These species of ficus tree originate in the far east and were first introduced to the area at the beginning of the 20th century. Since then they established a population that cansustain itself and reproduce independently. Thus, they are defined as invasive species. I find this duality fascinating: intrinsically belonging and at the same time being utterly foreign.
When it comes to invasive species, one will not find a decisive definition of what is native and what is foreign. The definition must contain two factors: time and place. The borders of the geographic areas, as well as the time from which something is considered not to be native to a certain area, vary. But in any case, we do not find the definitions in nature itself. Unlike trees, definitions are man-made.

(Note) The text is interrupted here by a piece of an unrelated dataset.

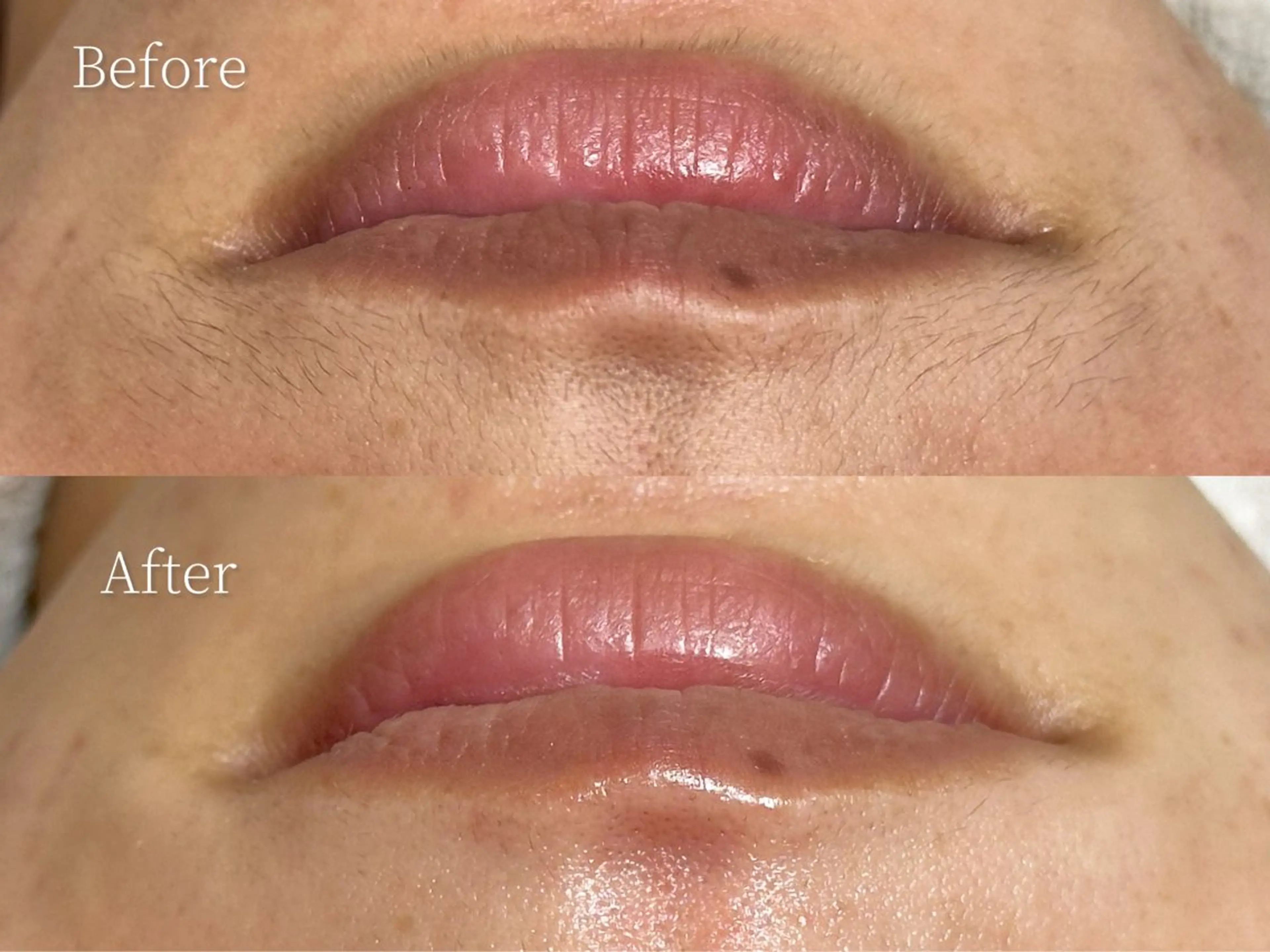 エステ MilleTendresses所属・本町オールハンド リラク/女性専用💐のエステ・リラクイメージ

I've focused on the ficus trees. Their appearance is unique. Sculpture like, alien like, I found them to be interesting subjects for portraits. It was important for me to show them as individuals, but also to hint at the environment in which they are found.
They grow where they can, they penetrate stone and concrete in search of water. They are the stranger who assimilated into new surroundings, that took place, took root.
Invasive Species, Inkjet print, 100X150 cm, 2019,
Exhibition view: Studienpreis des Freundeskreises
der HGB und der Sparkasse Leipzig 2019 (edition of 3)
Invasive Species, C-print, 20X30 cm, 2019 (edition of 20)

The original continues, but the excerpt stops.